Hermansville, Mich. (WZMQ) – One of the U.P.’s oldest trades was shared with the younger generations over the weekend. On Saturday children from the surrounding areas gathered to learn some hands-on trapping skills, and took some things home with them.
11-year-old Kolton Weinert from Kingsford, who came to the event with his grandmother, shared that he got involved in trapping when he joined Iron Mountain’s youth mentorship program, Hardcore Scriptures Outdoors, which was founded by Joe Bottesi.
“I like how Joe teaches us how to skin the animals and stuff after. And salt them. It’s just really fun,” shared Kolton. Kolton commented that he has made a lot of great friends by getting involved in learning trapping. When asked about what is great about the U.P., Kolton said “its really fun I guess, there’s good food like pasties. There’s a lot of fun stuff to do and its just a good time,” he commented. “You get to go out in the woods, you get to walk around in the water. Fishing, hunting, trapping, stuff like that,” Kolton added with a smile. Kolton has trapped bobcats, a pine martin, beavers, muskrats, mink, and even a raccoon.
According to 12-year-old Browning Kittleson, of Alpha, this year’s trapping season has been a blast. “I started I think two years ago, it was really slow. I only caught two things last year a muskrat and an ermine. But this year it picked up, I caught a fox, a mink, and two otter.” Browning shared that he is thinking about a career in taxidermy. Browning said that at the workshop, he learned a lot of new things about trapping that he didn’t know about. “Like I didn’t know you could use a cage trap. I learned a little bit about that today,” he remarked.
Browning was amazed to learn more about the different animals that are out in the woods. “There’s different kinds of foxes. There’s red and there’s gray, but they can have different furs. Like, there’s not just red and gray. They can be black, they can be silver, or white,” he said. Browning added that getting involved in trapping is a good way to get exercise and get out in nature. Browning said that trapping helps to manage resources, and meet people that you wouldn’t meet otherwise, like different trappers. Browning added that finding an animal in his trap is like “Christmas morning.”

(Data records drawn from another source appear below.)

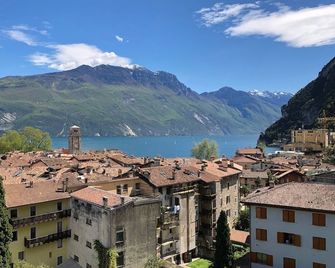 Hotel Villa Miravalle - Riva del Garda - Cảnh ngoài trời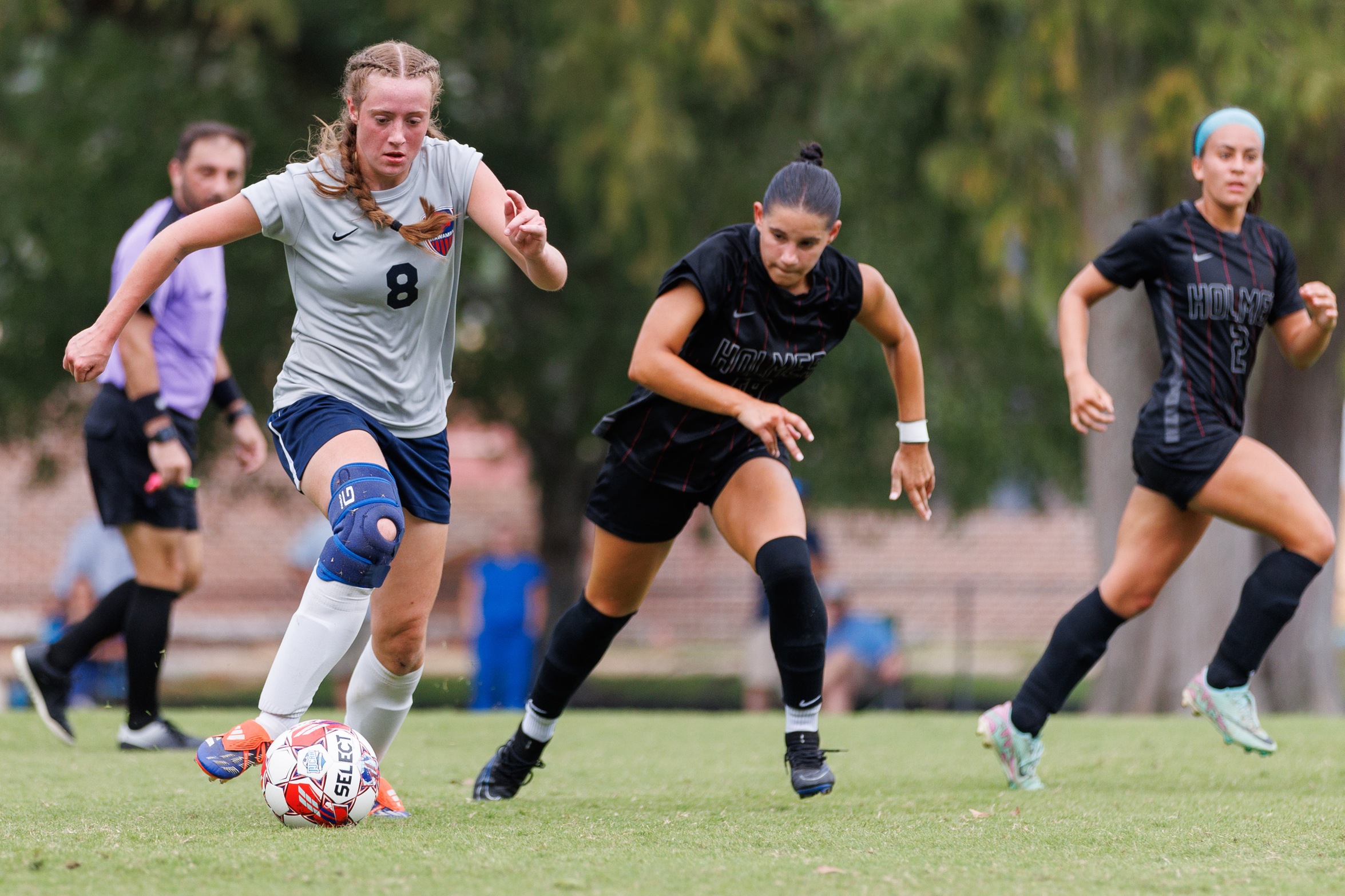 Lady Indians suffer first loss against No. 5 Holmes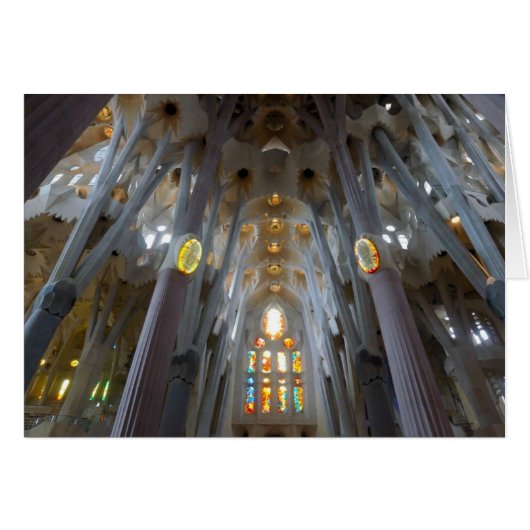 Sagrada Familia。 インテリア (正面横)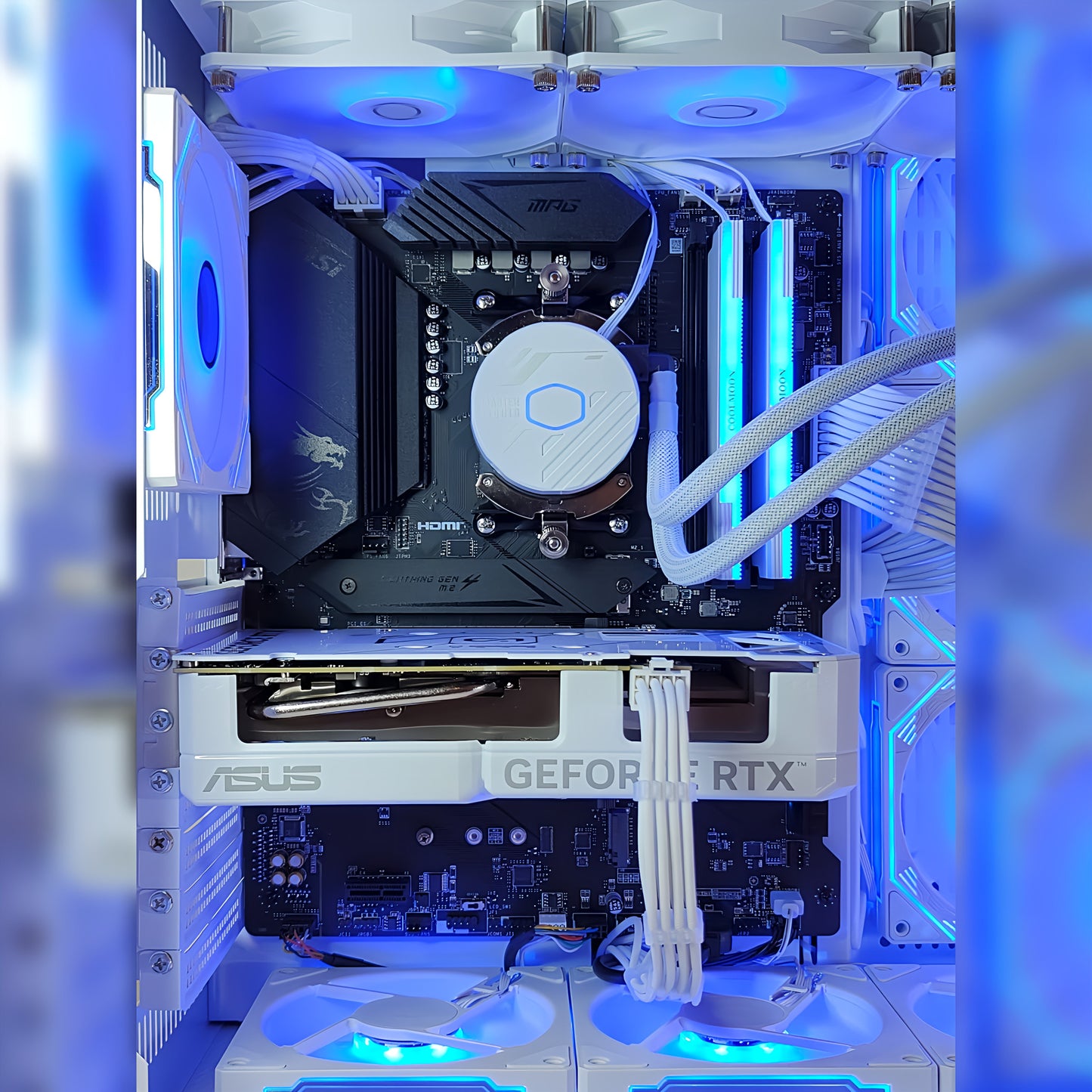 スモールラボ AMD Ryzen7 9700x ガラス2面ATX ゲーミングPC 簡易水冷 360mm ホワイト 白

According to Mike Lewis, the event coordinator and the Secretary of the U.P. Trapper’s Association, getting the youth involved in this kind of hands-on learning is a privilege
“It’s really nice to see all the kids here, and hopefully we’ll get a few trappers out of it. A lot of kids interested in it, and they thought it was just a great thing to be here. And they’re really enthused about it.” Lewis shared that the U.P. Trapper’s Association pays for all the school districts in Delta, Dickinson, and Menominee counties to get subscriptions of Fur, Fish, and Game Magazine into the libraries. The educational workshop programming offered by the U.P. Trappers Association has been going for 18 years.
“Trapping is kind of a dying sport. If you don’t get the kids involved, it’s the same with deer hunting. If you don’t get the kids involved its going to go. Its good to see we had a pretty good turnout today.” Lewis said that 90 kids came through the doors at the workshop.
Those kids watched weasel and beaver trapping demos, built their own muskrat traps to take home, and participated in door prizes. According to Lewis, there were around 95 handmade weasel boxes from donated lumber all made by local volunteers that were given away to the young trappers at the event.
District 3 of the trappers’ association has a banquet coming up in the first weekend of March at the Dickinson County Fairgrounds.
There is another National Trappers Convention coming in July to the U.P. State Fairgrounds. Cast members of the popular Alaskan TV shows “The Last Alaskans”, and “Mountain Men” are expected to join in that convention.